HOMILÍA DEL DOMINGO DE LA SANTÍSIMA TRINIDAD
Lecturas bíblicas: Dt 4,32-34.39-40; Sal 32,4-6.9.18-20.22; Rm 8,14-17; Mt 28,16-20
Queridos hermanos y hermanas:
Después de haber celebrado la cincuentena pascual, que llegaba a su término con la solemnidad de Pentecostés, celebramos hoy la solemnidad de la Santísima Trinidad. Los cristianos tenemos una idea de Dios que no alcanza el hombre por la razón natural, sino que, por pura gracia, Dios mismo ha revelado a los hombres su vida íntima y su designio de salvación.
Por medio de la razón natural podemos alcanzar un cierto conocimiento de Dios: su existencia y sus principales atributos, como su trascendencia, bondad. Podemos llegar a razonar como por ser Dios la realidad más consistente es la verdad plena; y podemos concluir con buena argumentación que Dios es fundamento de la moralidad del obrar humano, conforme a la ley moral inscrita en nuestro corazón y, por eso mismo, en Dios tiene su razón de ser la conciencia moral con la que distinguimos el bien del mal, y que gobierna nuestras acciones.

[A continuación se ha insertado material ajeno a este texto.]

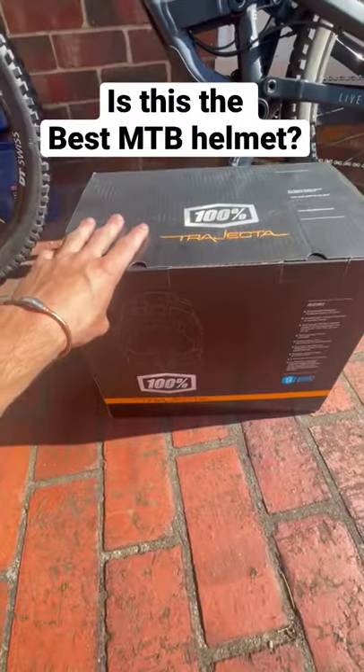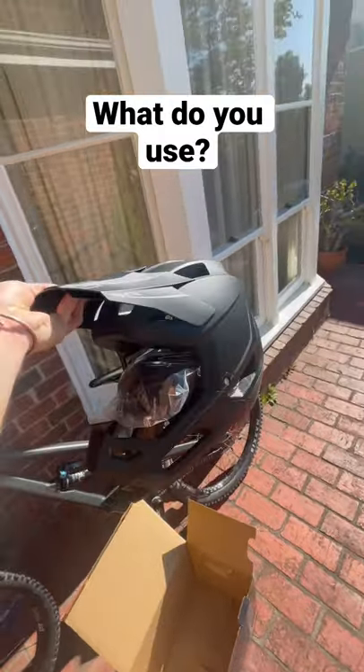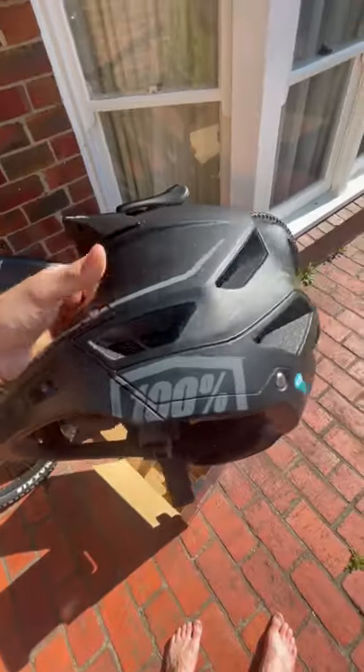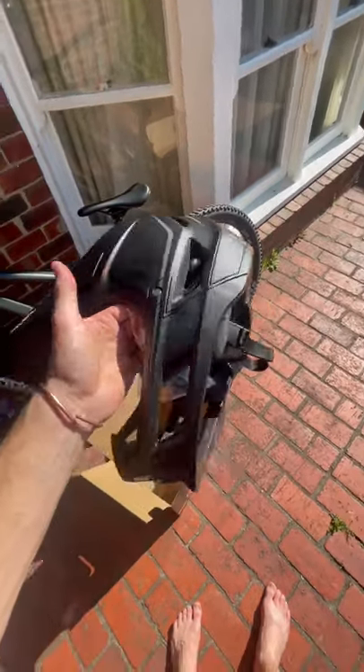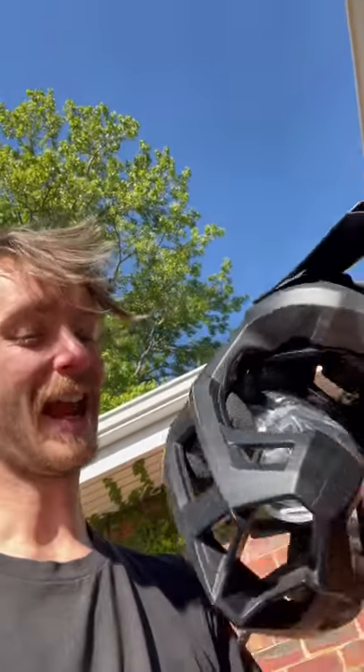New helmet day guys, I just picked up this — let's check it out. Oh, that looks so good! I got this 100 Trajector. As you can see, it's got the smart shock on it — it's really, really good. I've actually ridden with this down at Eaton's cutting. I picked it up yesterday and it has the best airflow ever.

El apóstol san Pablo recrimina la mala conducta de los hombres que, pudiendo haber conocido a Dios por la luz natural de la razón, no lo han conocido, no le han dado gloria y hacen el mal. El apóstol condena esta conducta dando razón del juicio gravemente negativo que pronuncia: «Pues lo que de Dios se puede conocer, está en ellos manifiesto: Dios se lo manifestó. Porque lo invisible de Dios, desde la creación del mundo, se deja ver a la inteligencia a través de sus obras: su poder eterno y su divinidad, de forma que son inexcusables» (Rm1,19-20).

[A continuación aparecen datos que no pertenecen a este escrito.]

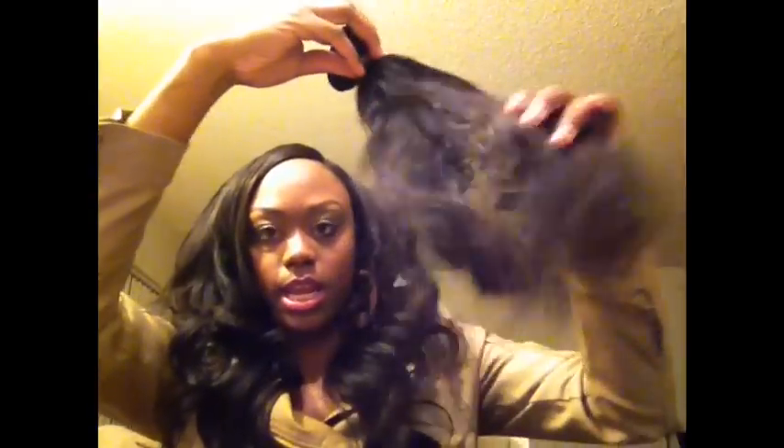This right here is our 15-inch wavy hair — loose wave. This is what I have in my hair, this loose wave. This is how much — this is a four-ounce bundle.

Sin embargo, Dios no ha querido abandonar al hombre a su mala conducta, que le ha alejado de él. Dios, en su bondad y misericordia, ha querido salir a su encuentro, revelándole su amor por la humanidad, origen de la creación y motivo de la redención. El amor de Dios nos ha creado y su misericordia infinita nos ha redimido por medio de Cristo. Para comunicar al hombre este amor y misericordia, Dios se eligió un pueblo para que fuera interlocutor de la humanidad ante él; y lo que dice la primera lectura de hoy es que este Dios, bueno y misericordioso, se dio a conocer al pueblo de su elección, a los israelitas nuestros padres. Haciéndolo así, el hombre llegó a conocer a Dios por experiencia viva de Él. Por eso Moisés pudo preguntarles: «¿Hay algún pueblo que haya oído, como tú has oído, la voz del Dios vivo, hablando desde el fuego, y haya sobrevivido? (…) Reconoce, pues, hoy y medita en tu corazón, que el Señor es el único Dios allá arriba en el cielo, y aquí abajo en la tierra; no hay otro» (Dt 4,33.39).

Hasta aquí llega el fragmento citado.